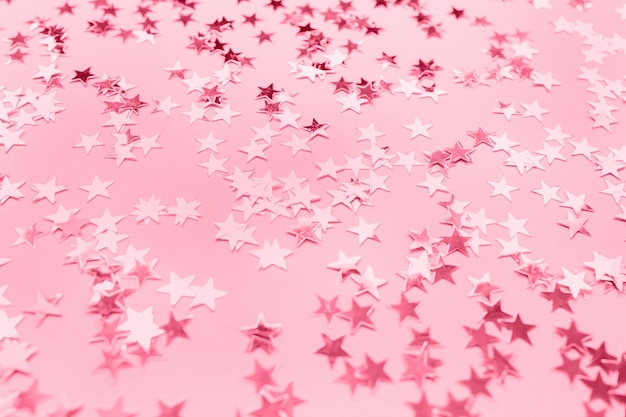 Silver foil confetti stars toned in trendy color of the year 2023 Viva Magenta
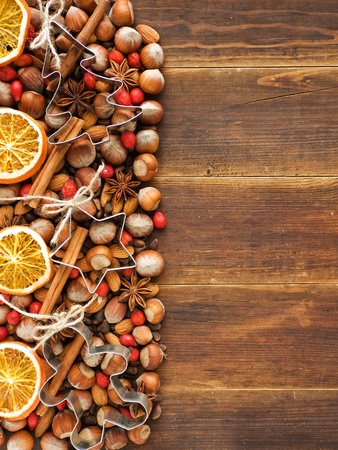 Christmas background nuts, dried oranges, and spices. Viewed from above.の写真素材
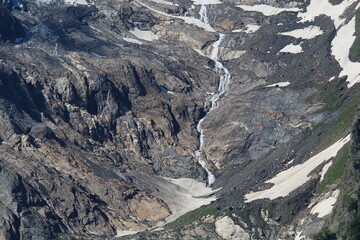 melting glaciers flowing into small rivers in the North Caucasus mountains in Dombai in midsummer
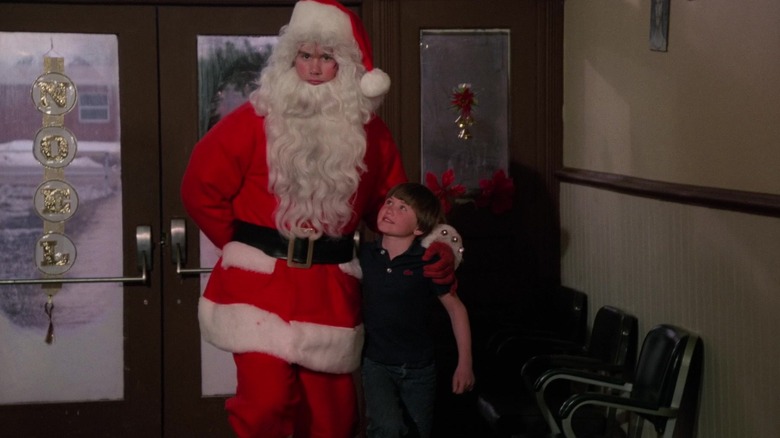 Billy, dressed as Santa, with his arm around a boy in Silent Night, Deadly Night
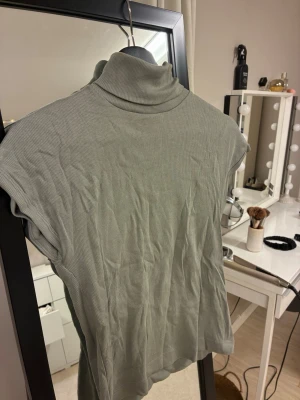 Grå ribbad polotopp - Snygg grå polotopp med ribbad struktur och ärmlös design. Perfekt att styla med jeans eller kjol för en trendig look. Hög krage ger en cool vibe och passar till många outfits.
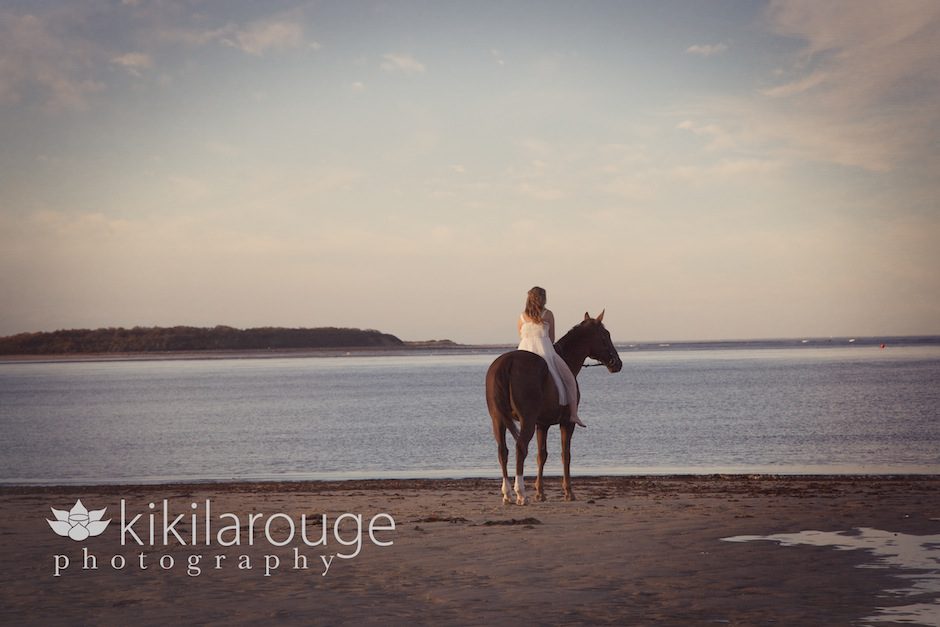 Girl on beach with horse
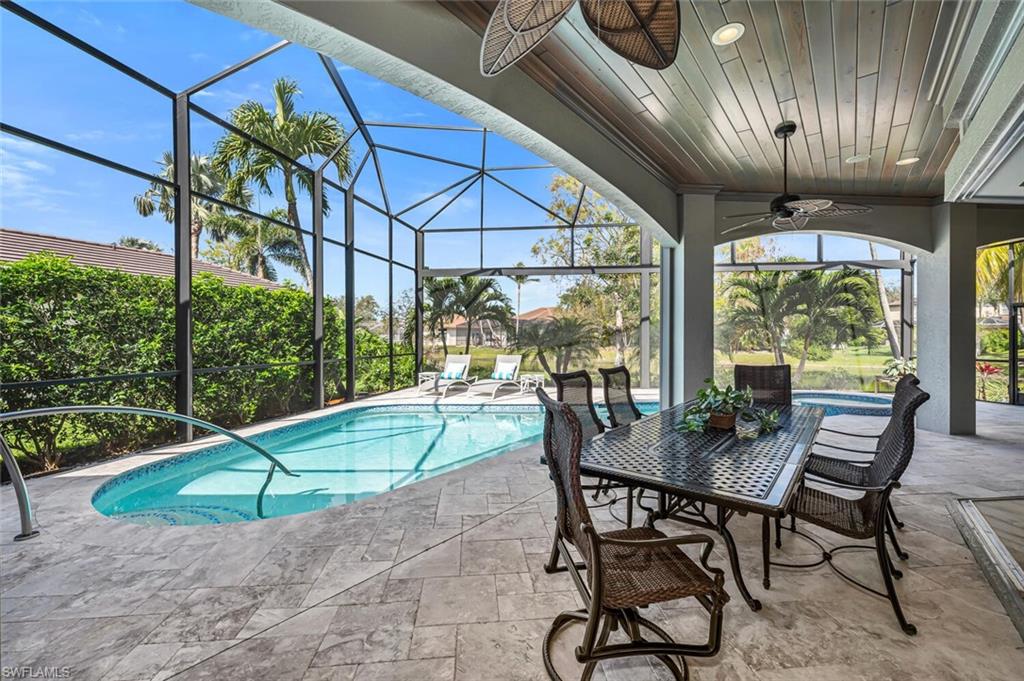 2067 Mission Drive Naples, FL 34109 - Photo 4 of 43 a table and chairs in patio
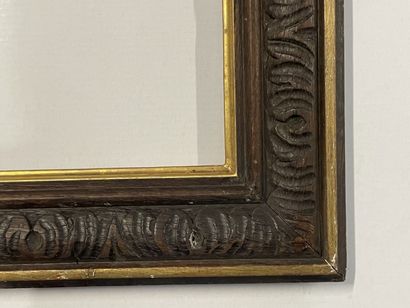 Cadre en bois sculpté patiné.

XVIII° siècle

Dim....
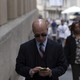 A man checks his phone while walking down a busy street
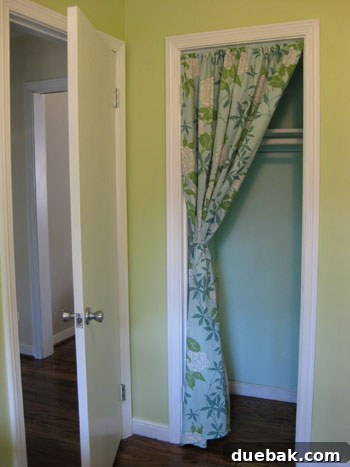 Nursery closet with painted rod and shelf, and a new curtain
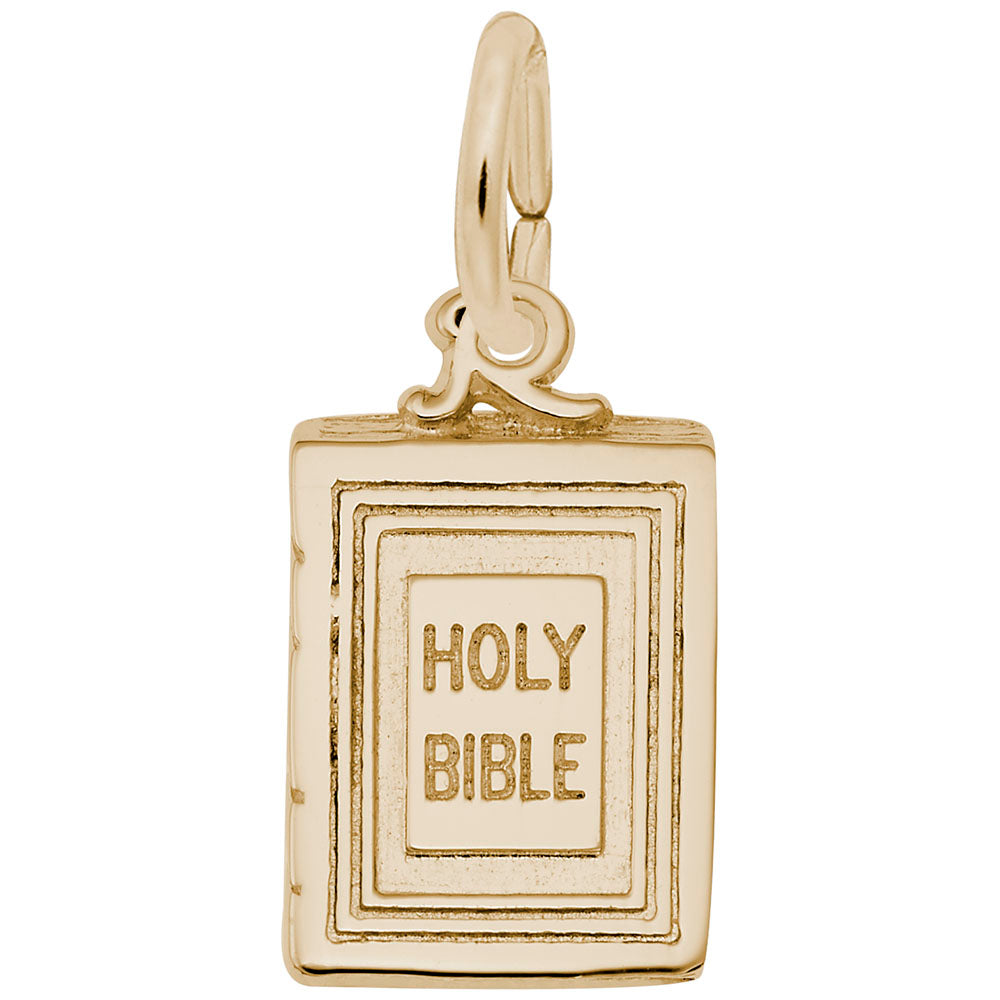 Gold 'Holy Bible' charm on a white background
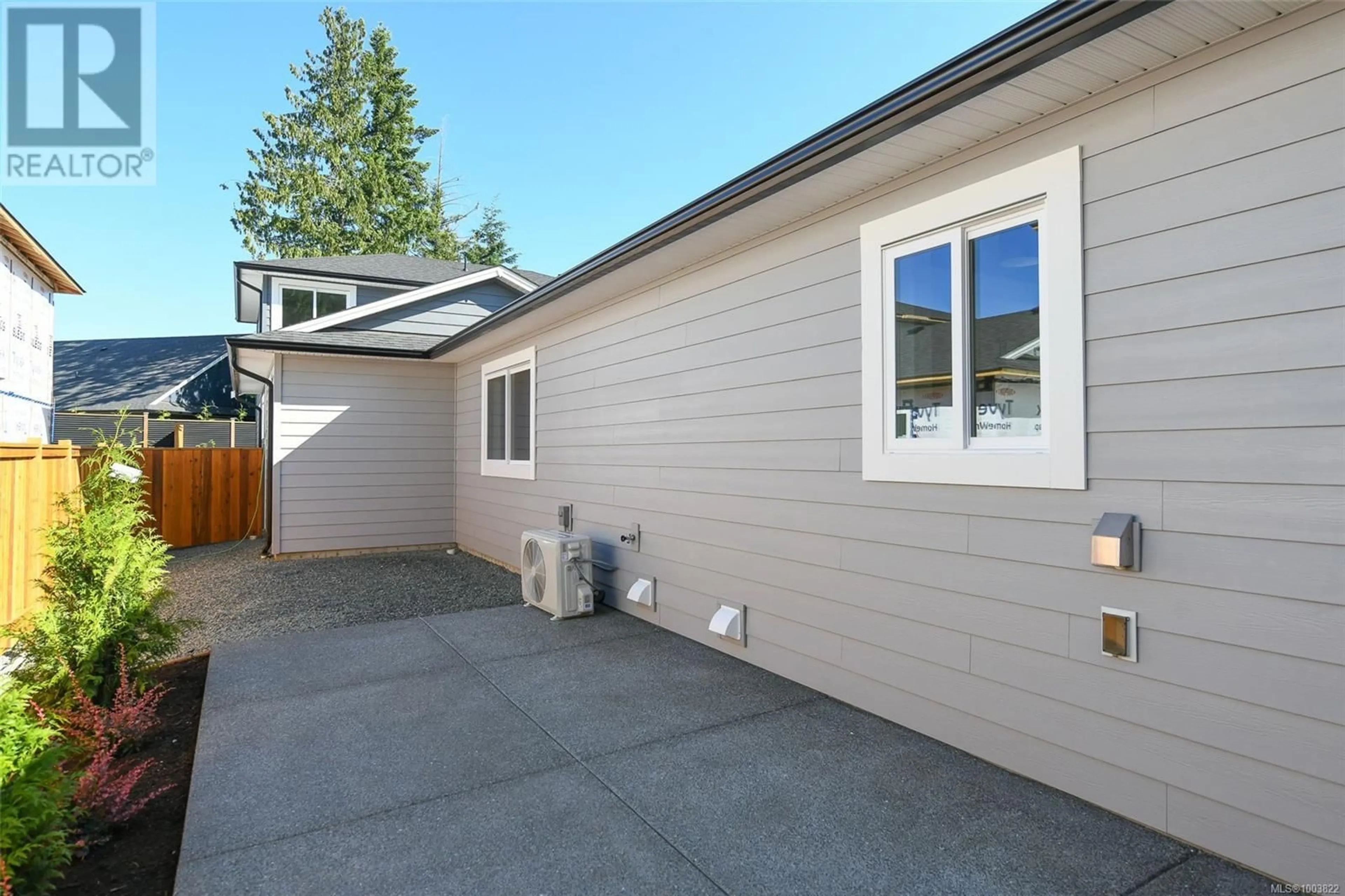 Home with vinyl exterior material, street for A - 2315 MCDONALD ROAD, Comox British Columbia V9M0C8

**Task requirements**
Your copy should consist solely of the lines from the line containing "A man checks" through the last line of the records above, reproduced exactly, with the pictures left out.

**Result**
 A man checks his phone while walking down a busy street
 Nursery closet with painted rod and shelf, and a new curtain
 Gold 'Holy Bible' charm on a white background
 Home with vinyl exterior material, street for A - 2315 MCDONALD ROAD, Comox British Columbia V9M0C8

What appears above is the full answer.